There are several clauses in agreements that are used to protect the buyer. The use of such clauses is premised on the possibility that a seller of employee might begin working for a competitor or starting a business, and gain an unfair competitive advantage by exploiting confidential information about their former employer’s operations or trade secrets, or sensitive information such as customer/client lists, business practices, upcoming products, and marketing plans. To protect the money that the seller has spent on the business, three documents are used: a non-compete agreement, a non-solicit agreement and a confidentiality agreement. In the case of employees, this will be part of the employment agreement. In the case of the seller, this will be part of the asset purchase agreement.
A non-solicitation clause typically restricts or restrains the ability to contact present or past patients of the pharmacy. Often it will prohibit contacting these patients for the purpose of selling them a product or service, or seeking to entice them away from the pharmacy.
A non-competition or non-compete clause, on the other hand, is typically not limited to specific contacts, but rather restricts a person from engaging in activity that is competitive to the pharmacy. Frequently, non-competition clauses restrict competition for a specific activity; specific amount of time in a specific geographical area; however, in order to be enforceable, these restrictions must be reasonable. A reasonable clause balances the right of the seller/employee to earn a living and the right of the seller to protect their business.

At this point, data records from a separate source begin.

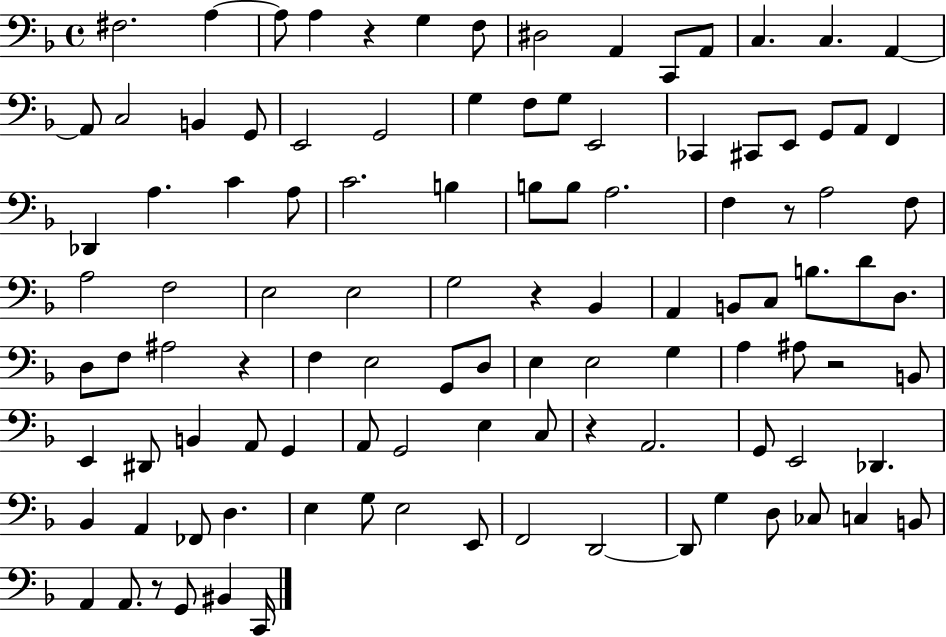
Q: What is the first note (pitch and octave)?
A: F#3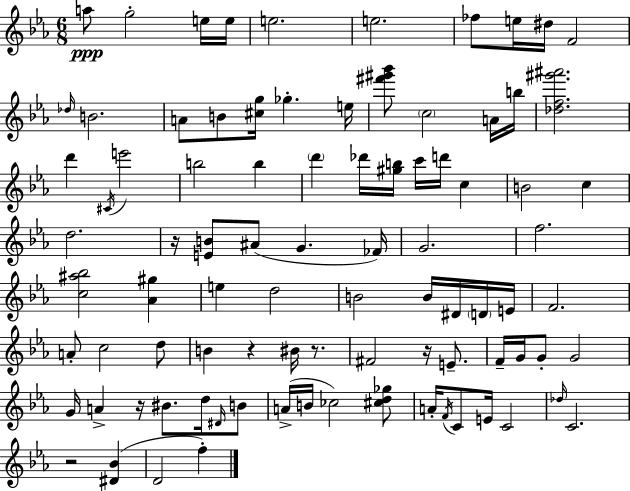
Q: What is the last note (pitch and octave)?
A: F5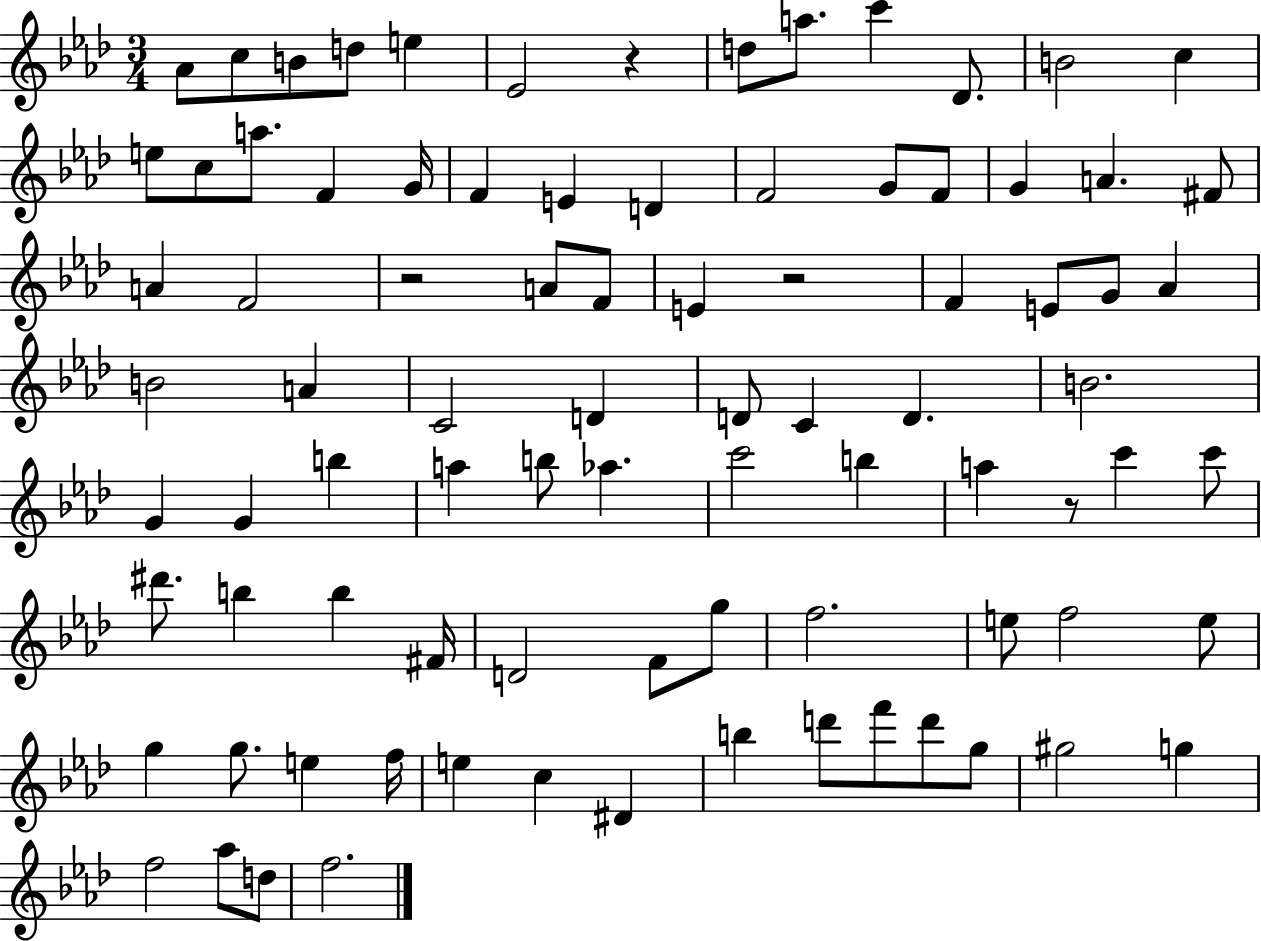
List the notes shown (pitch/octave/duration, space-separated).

Ab4/e C5/e B4/e D5/e E5/q Eb4/h R/q D5/e A5/e. C6/q Db4/e. B4/h C5/q E5/e C5/e A5/e. F4/q G4/s F4/q E4/q D4/q F4/h G4/e F4/e G4/q A4/q. F#4/e A4/q F4/h R/h A4/e F4/e E4/q R/h F4/q E4/e G4/e Ab4/q B4/h A4/q C4/h D4/q D4/e C4/q D4/q. B4/h. G4/q G4/q B5/q A5/q B5/e Ab5/q. C6/h B5/q A5/q R/e C6/q C6/e D#6/e. B5/q B5/q F#4/s D4/h F4/e G5/e F5/h. E5/e F5/h E5/e G5/q G5/e. E5/q F5/s E5/q C5/q D#4/q B5/q D6/e F6/e D6/e G5/e G#5/h G5/q F5/h Ab5/e D5/e F5/h.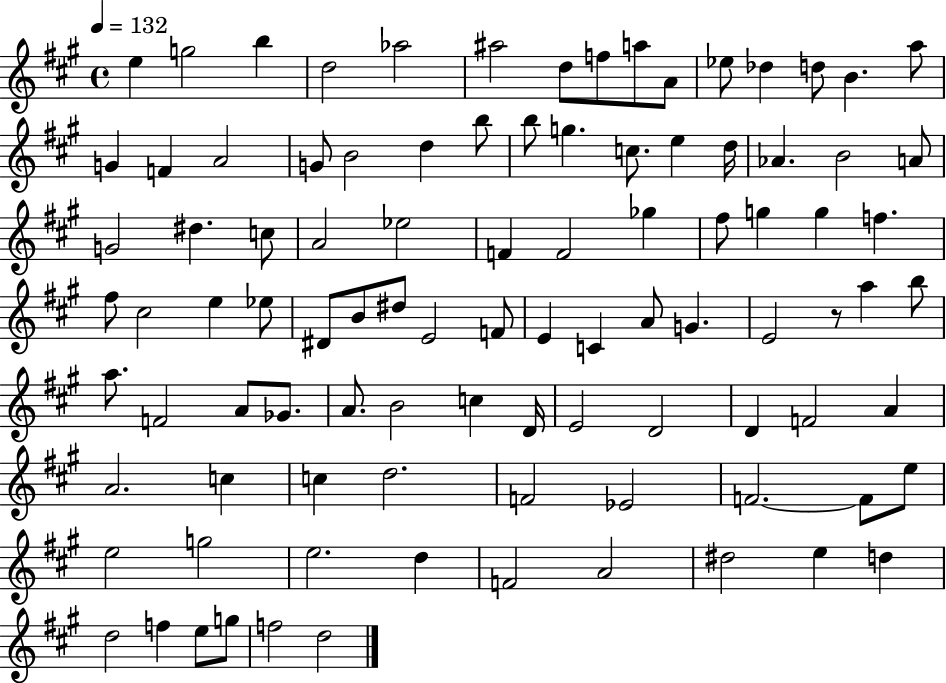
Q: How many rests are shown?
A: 1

A confidentiality clause, prevents a seller or employee from disclosing secrets of the business or using them in any way for the benefit of anyone other than the pharmacy. A “secret” is generally defined as something not generally known to the public.
If a seller is going to work for the business after the sale, they will sign two versions of these clauses, one in their capacity as seller and one in their capacity as employee. Each will have a different expiry date, and the longer of the two will survive.
These clauses have to be fair to be enforceable. If the restrictions are found to be overly-broad, the agreements will allow a judge to amend them. For example, a non-competition agreement preventing a seller from being a pharmacist for 25 years anywhere in the United States is too broad. It goes beyond protecting the business. A judge may reduce this to 5 years within a 30-minute drive of where the pharmacy is located.
What is reasonable depends on the area and circumstances. A 5-mile radius in Manhattan covers millions of people. A 5-mile radius in rural Ohio may cover a population of ten people. Likewise, state law varies from state-to-state on non-competition agreements.
At Colony RX, we understand that employees can be afraid of these clauses. They fear that a new owner will come into the business, fire them, and then they will not be able to find a job. In reality, the reverse is true. The buyer of the pharmacy needs a team to take care of the patients, and arbitrarily firing employees would erode the team morale and unity that gives the business value that they are paying for. The buyer has no interest or desire in restricting the ability of the employee or seller to find other work – their sole interest is protecting their business they just bought.
At Colony RX, we will work with all stakeholders to make sure they are comfortable with these agreements and that everyones needs are being met. Often this means answering questions, but sometimes this means putting certain guarantees in writing. The secret sauce is that there is no secret sauce: you have to listen and find a way to give everyone what they need to move forward.